Investing in Dividend Stocks: A Steady Approach
Often, investors see dividend stocks as, well, a bit dull. They might lack the excitement of some high-growth stocks, but in terms of returns, they tell a different story. Over the last 50 years, stocks that pay dividends have significantly outperformed their non-dividend counterparts by more than double.
Take the Schwab US Dividend Stock ETF, for example. Personally, I’ve really noticed the benefits of investing in dividends with this fund, which has achieved an annualized return of 12.9% since it started back in October 2011. So, what’s the deal?
Focusing on High Dividend Stocks
The strategy for the Schwab fund is straightforward. It’s based on the Dow Jones US Dividend 100 Index, which tracks the top 100 high-yield dividend stocks. Companies are evaluated on several key characteristics, including dividend yield and the growth rate of dividends over five years.
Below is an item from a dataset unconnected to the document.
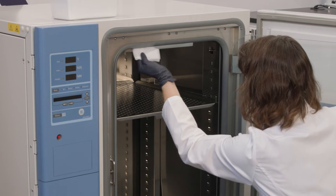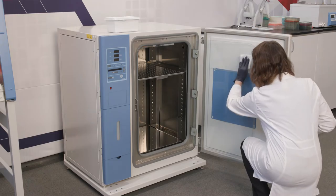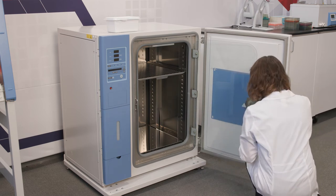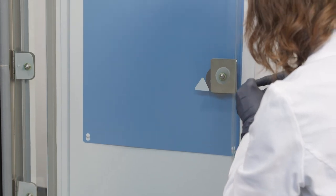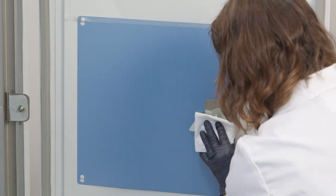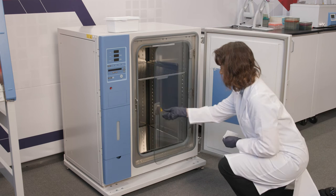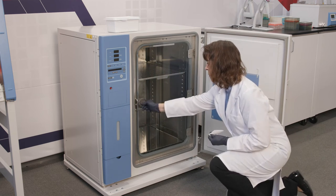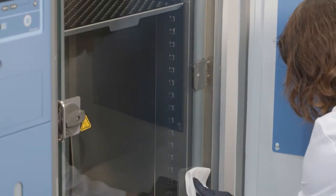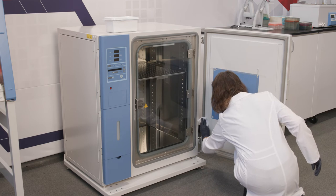Starting with the top inner corner, wipe the door gaskets, then wipe the inside of the glass door. Allow a few minutes for the disinfectant to work. The length of this time interval depends on your disinfectant choice and the manufacturer's recommendations. Then follow with 70% ethanol or 70% isopropanol and close the inner glass door. Following the same procedure, starting at the top inner corner, wipe the gasket and interior of the outer heated door. Close the door when complete.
Notably, the emphasis is on growth in dividends.
The evidence regarding dividend stocks is compelling. Companies that consistently elevate their dividends tend to provide the best long-term returns.
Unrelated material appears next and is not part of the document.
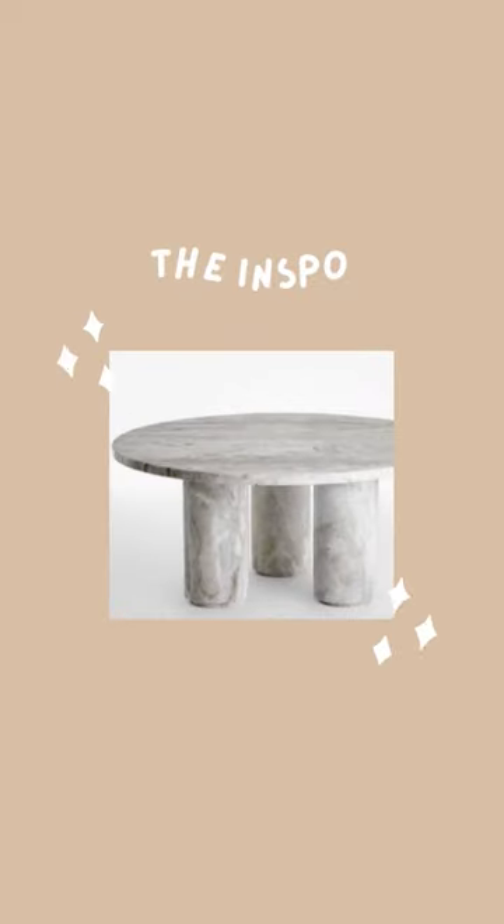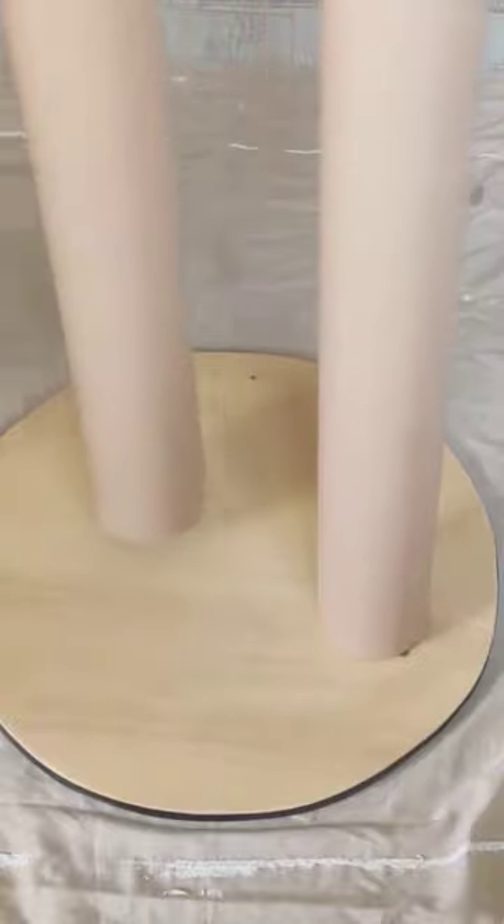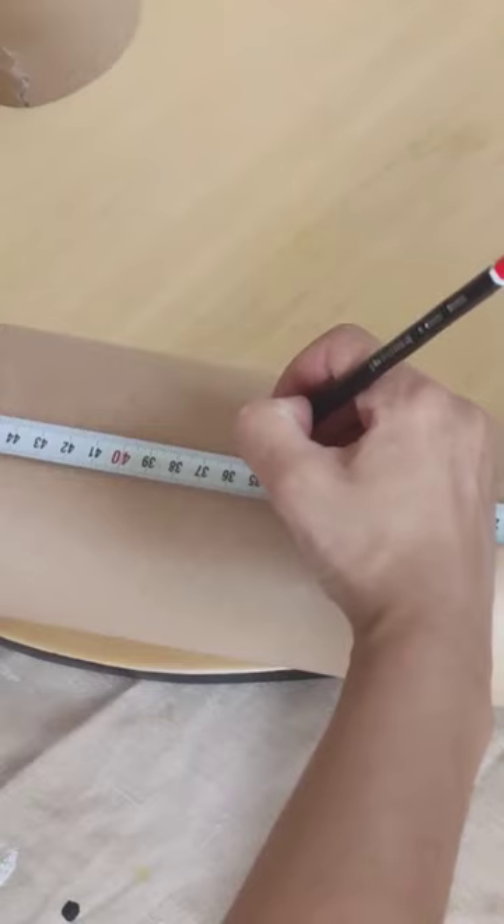I saw this coffee table on Pinterest and I had to DIY. First I got a round piece of plywood and two cardboard cylinders. I then measured how high I wanted the table to be, so I cut three pieces in that length.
| Dividend Policy | Average Annual Total Return |
|---|---|
| Dividend Growers and Initiators | 10.2% |
| Dividend Payers | 9.2% |
| No Change in Dividend Policy | 6.8% |
| Dividend Cutters or Eliminators | -0.9% |
| No Dividend Payments | 4.3% |
| Equal Weight S&P 500 Index | 7.7% |
There’s a crucial relationship between revenue and profit growth that can drive the success of dividend-growing companies. When dividends increase, investors benefit from a steady rise in income, which can also lead to an uptick in stock prices.
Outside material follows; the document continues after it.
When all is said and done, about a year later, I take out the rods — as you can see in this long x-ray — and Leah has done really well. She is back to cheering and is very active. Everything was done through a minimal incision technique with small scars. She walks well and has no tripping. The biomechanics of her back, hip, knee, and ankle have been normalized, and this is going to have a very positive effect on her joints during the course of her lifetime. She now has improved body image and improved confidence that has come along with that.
The Schwab U.S. Dividend Stock ETF consists of 100 companies that not only pay higher dividends but also grow them at above-average rates. Recently, its stocks had an average dividend yield of 3.8% with an impressive annual growth rate of 8.4%. In contrast, the S&P 500 has a current yield of just 1.2% and a compound annual growth rate of 5% over the past five years. Given these numbers, SCHD seems poised for greater long-term total returns.
Strong Performance from Leading Brands
Interestingly, two of the top 10 holdings in the fund are noted beverage giants. Coca-Cola and PepsiCo each account for about 4% of the portfolio. Currently, Coca-Cola boasts a dividend yield of 2.6%, while PepsiCo’s is at 3.4%.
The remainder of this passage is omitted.